[Data segment — start]

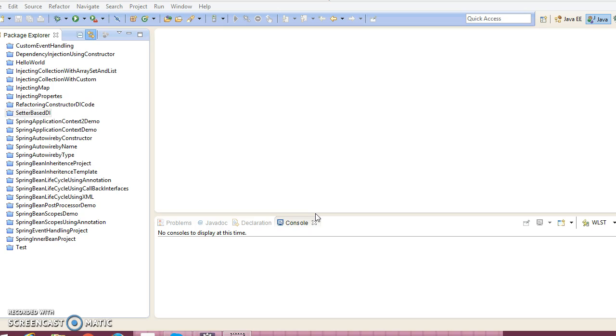A special case where method injection should be used is when a prototype bean needs to be used within a singleton. To understand this special case, we need to understand the concept of scope of a bean.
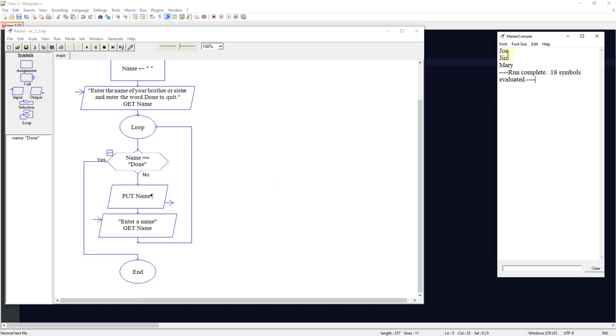So we had our output of Joe, Jim, Mary. It ran 18 symbols and it would continue to loop until it saw the variable of done. We could have put anything in there that was a string text and it would have continued to output that to the master console or output that to the user.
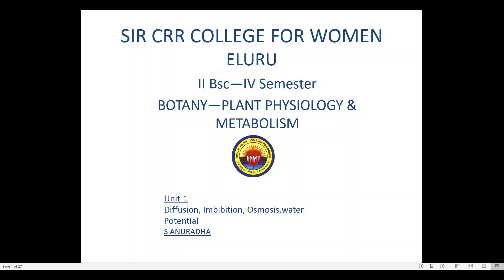Good morning girls, I am Esanurada, working as lecturer in SIRCRR College for Women, Eluru. Now I am going to deal with a botany paper for 4th semester students and the paper title is Plant Physiology and Metabolism. The topic is Diffusion, Imbibition, Osmosis and Water Potential from Unit 1.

[Data segment — finish]

* [Task directions]: Give the listing again in full, exactly as it is, but without its images.

* [Exercise response]:
A special case where method injection should be used is when a prototype bean needs to be used within a singleton. To understand this special case, we need to understand the concept of scope of a bean.
So we had our output of Joe, Jim, Mary. It ran 18 symbols and it would continue to loop until it saw the variable of done. We could have put anything in there that was a string text and it would have continued to output that to the master console or output that to the user.
Good morning girls, I am Esanurada, working as lecturer in SIRCRR College for Women, Eluru. Now I am going to deal with a botany paper for 4th semester students and the paper title is Plant Physiology and Metabolism. The topic is Diffusion, Imbibition, Osmosis and Water Potential from Unit 1.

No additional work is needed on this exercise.